> **Dataset entries**
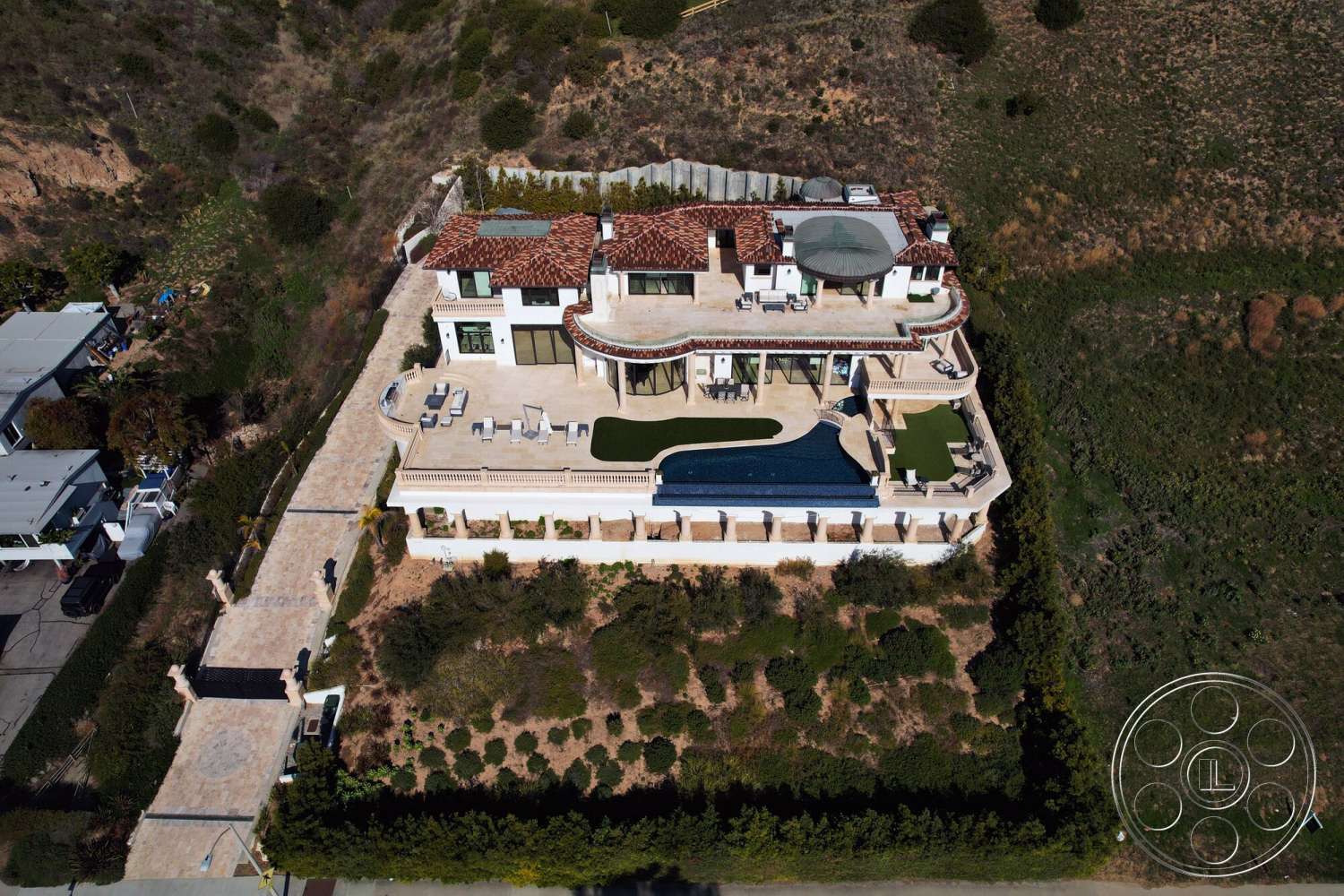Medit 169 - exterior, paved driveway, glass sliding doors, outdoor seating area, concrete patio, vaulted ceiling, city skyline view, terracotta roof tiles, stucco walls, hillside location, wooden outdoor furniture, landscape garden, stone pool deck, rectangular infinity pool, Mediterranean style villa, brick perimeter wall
* * *
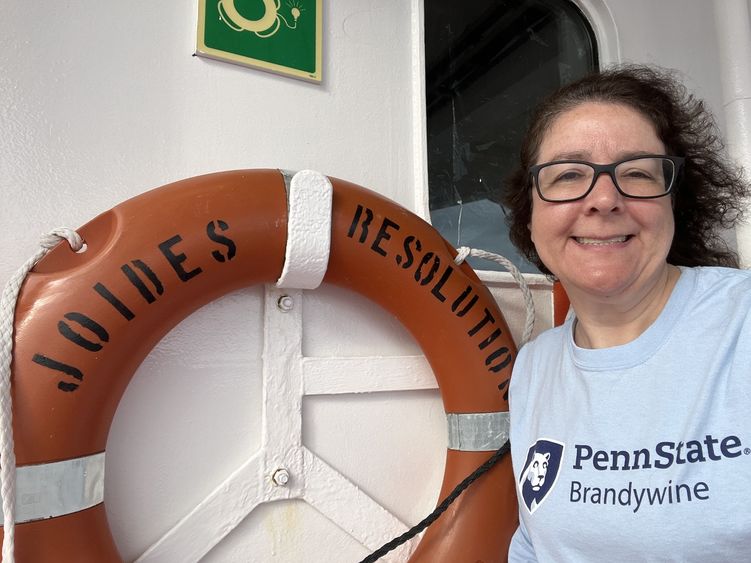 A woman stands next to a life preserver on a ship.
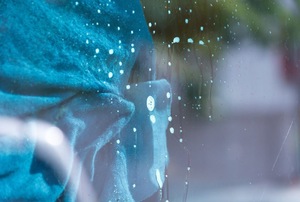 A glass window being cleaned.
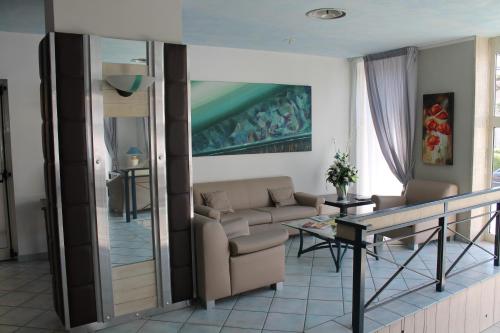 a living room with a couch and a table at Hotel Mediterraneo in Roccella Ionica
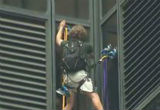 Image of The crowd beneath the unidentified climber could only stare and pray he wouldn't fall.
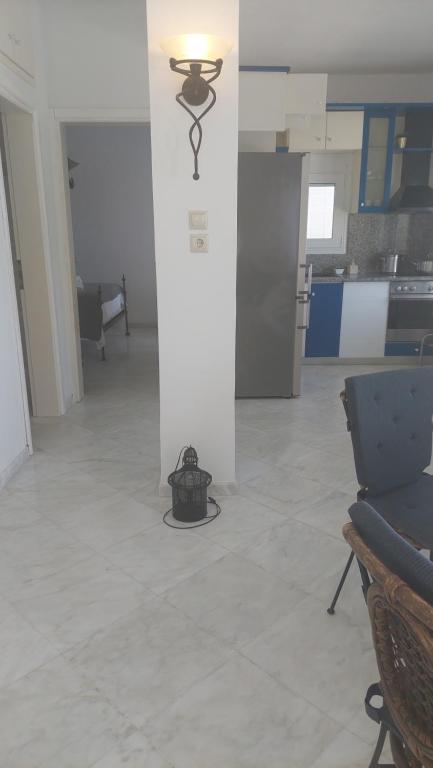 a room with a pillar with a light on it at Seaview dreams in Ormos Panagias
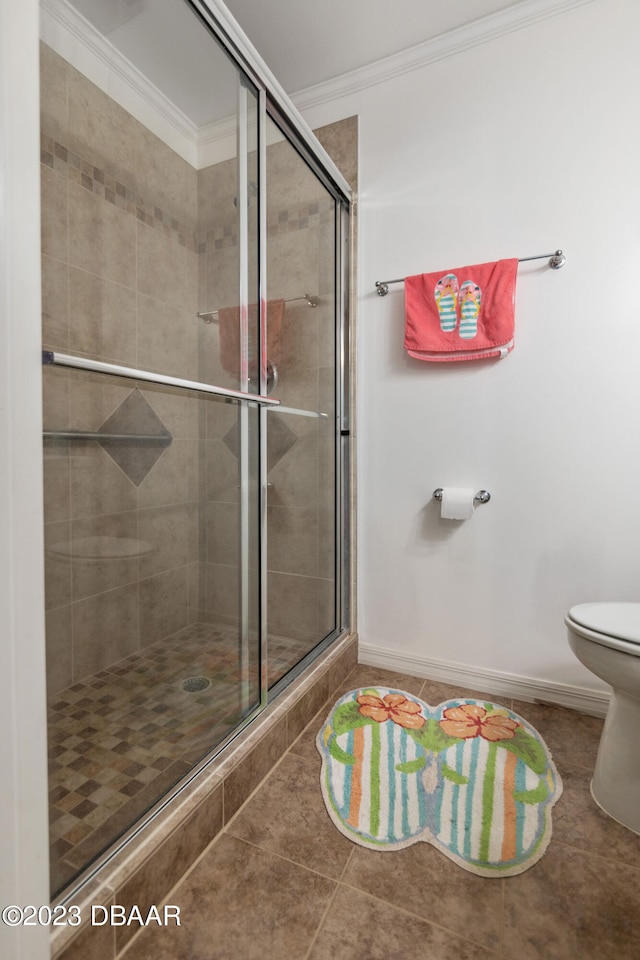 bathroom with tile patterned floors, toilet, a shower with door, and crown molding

> **What needs to be done**
Go back to the listing above and reproduce, exactly, the stretch from the line bearing "A glass window being cleaned." through the line bearing "a room with", without its pictures.

> **Response to this task**
 A glass window being cleaned.
 a living room with a couch and a table at Hotel Mediterraneo in Roccella Ionica
 Image of The crowd beneath the unidentified climber could only stare and pray he wouldn't fall.
 a room with a pillar with a light on it at Seaview dreams in Ormos Panagias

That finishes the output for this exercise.